Treasury EV tax credit guidelines: What’s clarified, what’s missing

Even so, how Treasury decides to define and enforce the law’s foreign entity of concern provision “will make or break the national security benefits,” said Robbie Diamond, CEO of SAFE, a Washington-based energy security organization.

How strictly Treasury decides to implement the provision also could be a “red light” to broader vehicle eligibility, said Boylan, noting that the department might choose to lean on a proposed definition in the CHIPS and Science Act.

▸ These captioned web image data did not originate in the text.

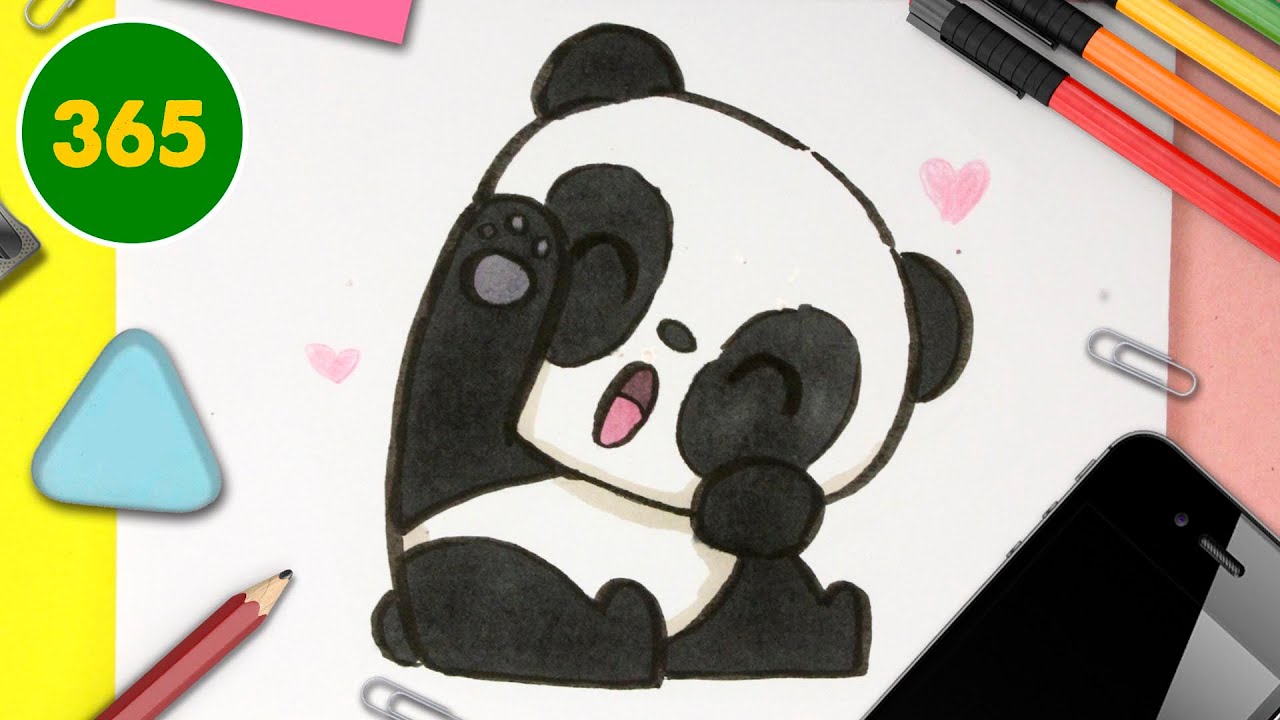 Resultado de imagem para panda kawaii  Dessin kawaii panda, 365 dessins  kawaii, Dessin kawaii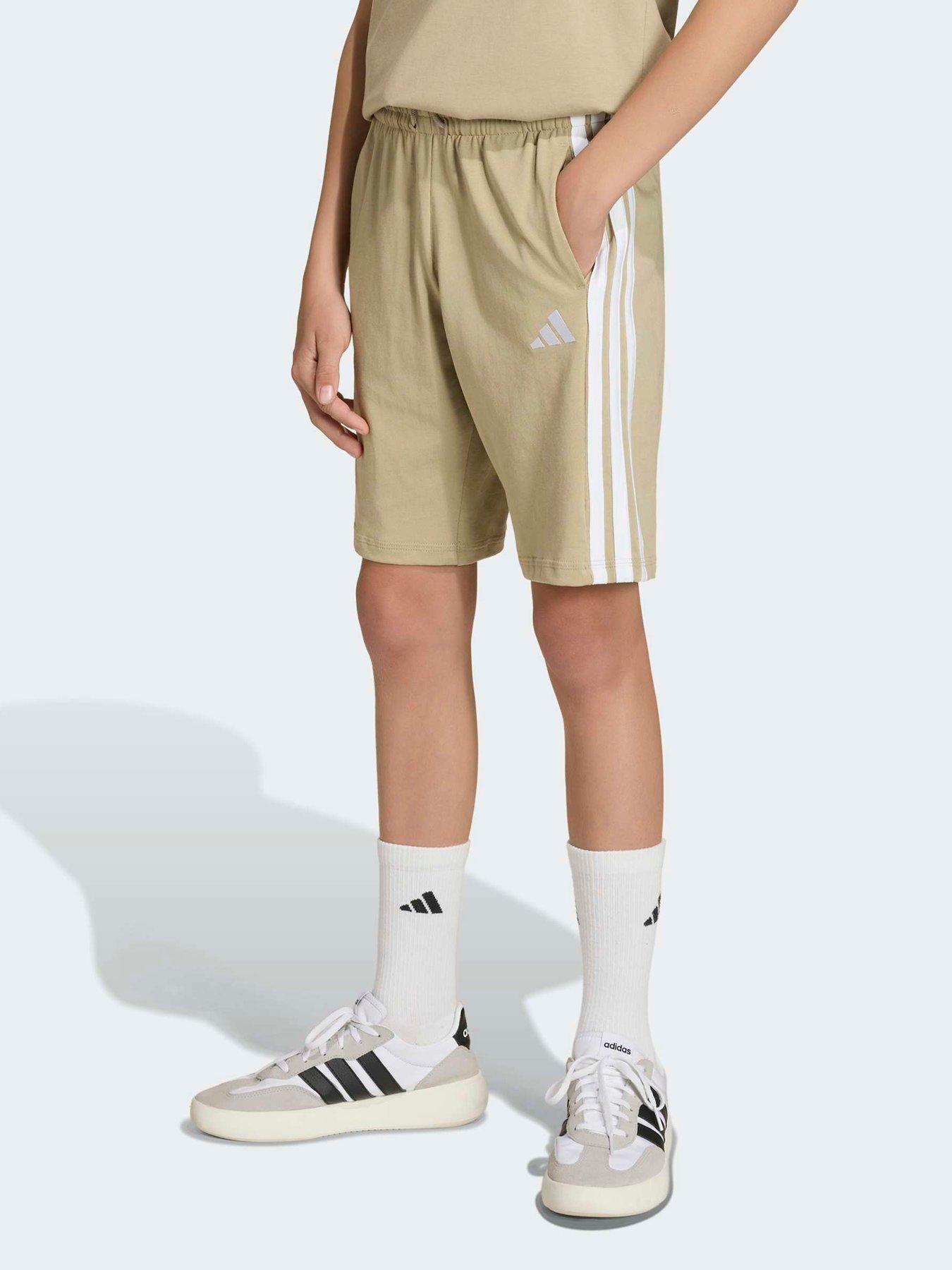 adidas Sportswear Junior Unisex Essentials Shorts, Woca/White, Size 13-14 Years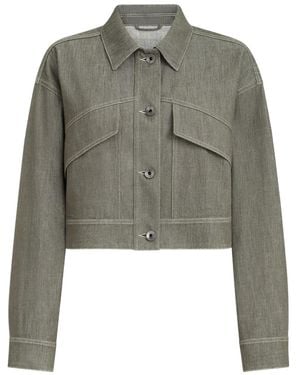Brunello Cucinelli Monili-Detail Buttoned Jacket - Green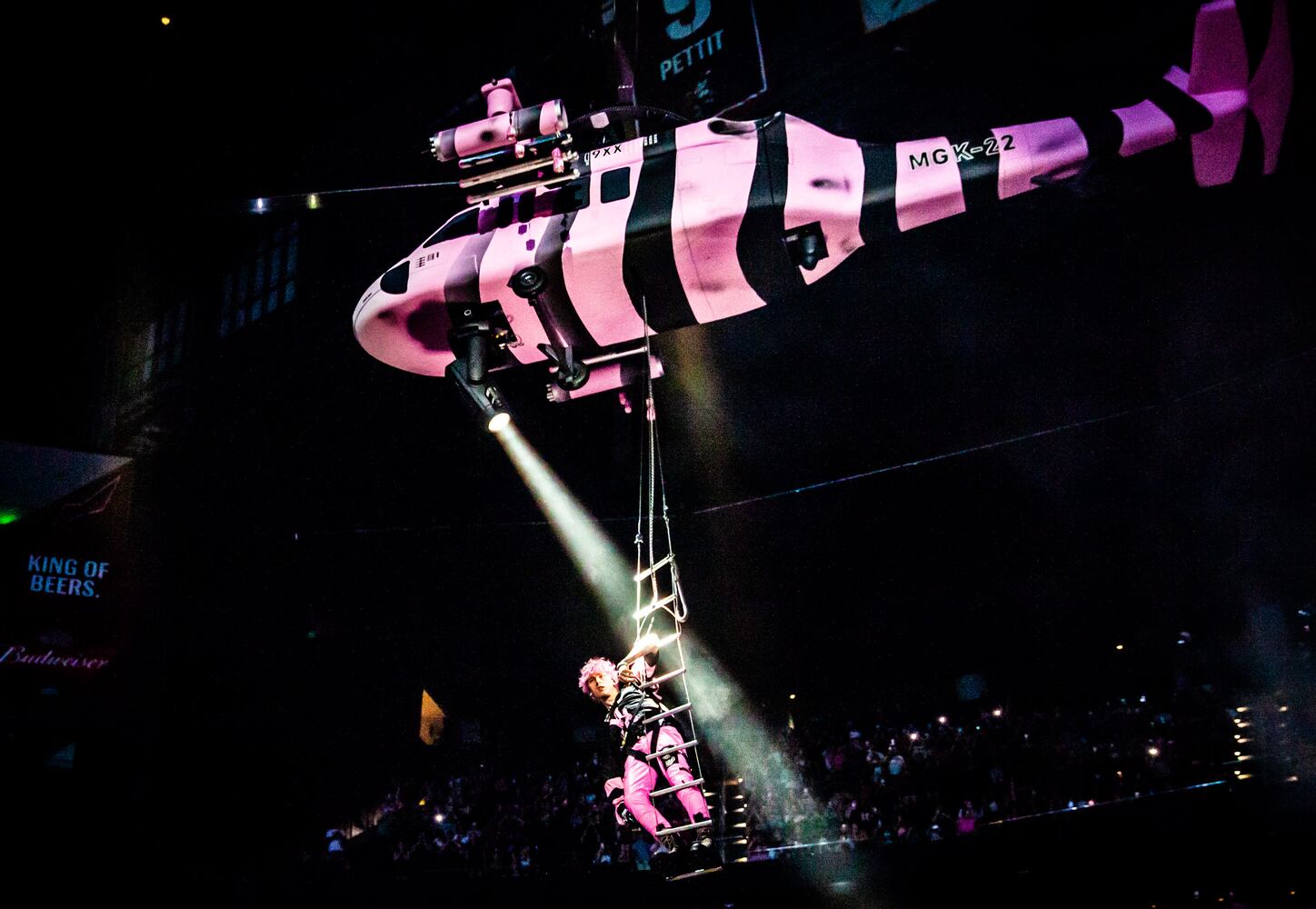 Machine Gun Kelly brings his Mainstream Sellout tour to State Farm Arena in Atlanta on Friday, June 17, 2022. (Photo: Ryan Fleisher for The Atlanta Journal-Constitution)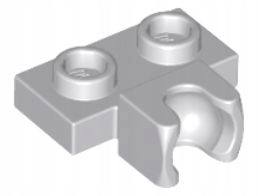 LEGO 1X2 С ФИКСАТОРОМ, КРЮК СВЕТЛО-СЕРЫЙ 14704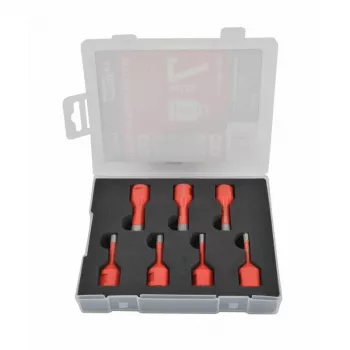 AWTOOLS AW47307 7-Częściowy Zestaw Wierteł Krętych HSS DIN 338 – 2-10mm do Metalu, Drewna i Tworzyw Sztucznych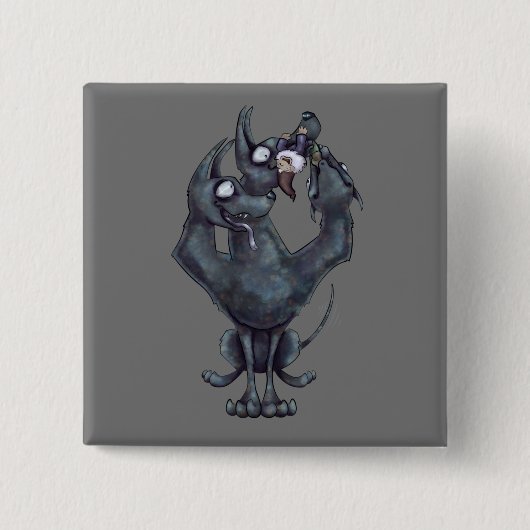 Speelgoed Vierkante Button 5,1 Cm (Voorkant)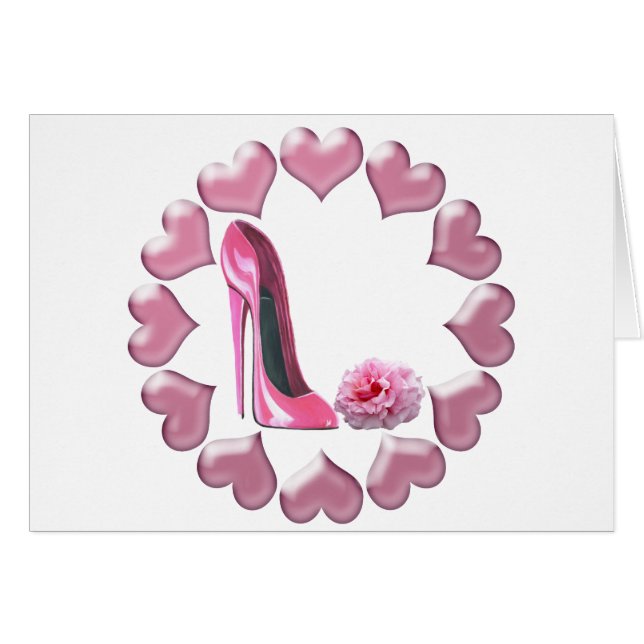 Roze Stiletto, Roos en hart (Voorkant Horizontaal)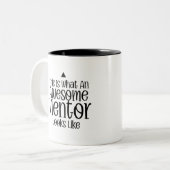 これが師素晴らしだ ツートーンマグカップ (正面左)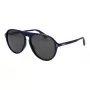 POLAROID Men's PLD6225S57PJP Rectangular Polarized Sunglasses - Black/Grey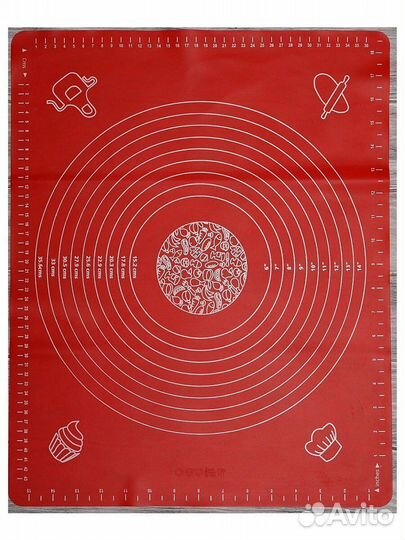 Коврик для раскатки теста 50х70 см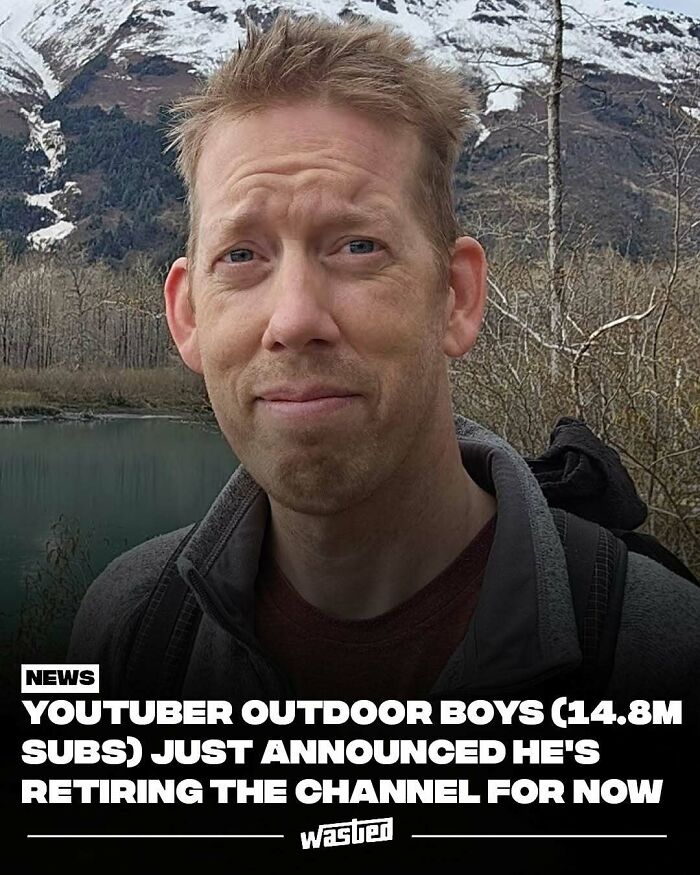 Man outdoors with mountains and lake behind him, related to 18.2M people following page for fun facts and new things.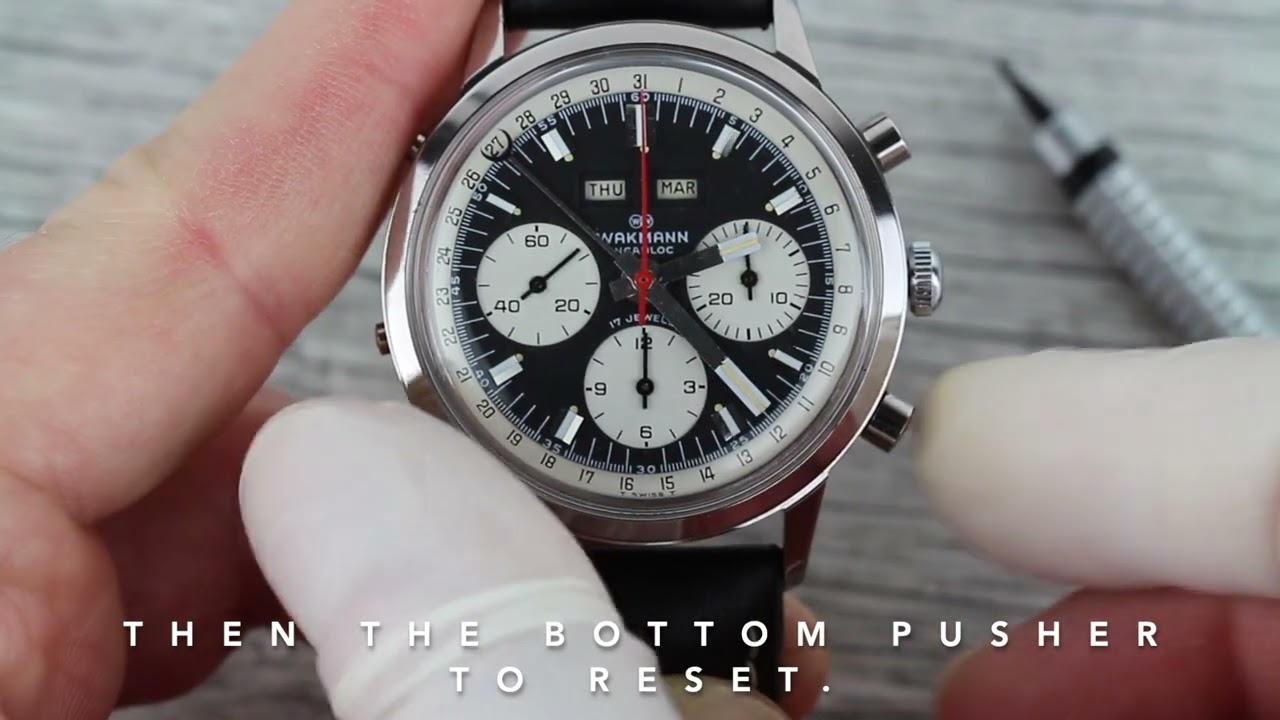 Wakmann 1960s Triple Calendar Chronograph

Under that definition, a foreign entity of concern could include any person or company “who directly or indirectly through any contract, arrangement, understanding, relationship or otherwise, owns 25 percent or more of the equity interests” of a partnership, corporation or foreign political party, among other examples.

“How much exposure is concerning to Treasury?” Boylan asked.

While that’s still being determined, some analysts are predicting more EV sales leading up to the stringent sourcing rules taking effect.

“Very short term, I think that we’ll see a little bit of a rush ahead of April 18,” said Ben Kallo, senior research analyst at Baird. “Longer term, this is going to be a boost to the overall industry.”

Others, including Alvarez & Marsal’s Brian Irwin, aren’t as optimistic.

“The number of vehicles qualifying will drop on the 18th from where we are today,” said Irwin, who leads the consulting firm’s automotive sector team.

“The more pragmatic question,” he said, “is how is that helpful to drive EV adoption?”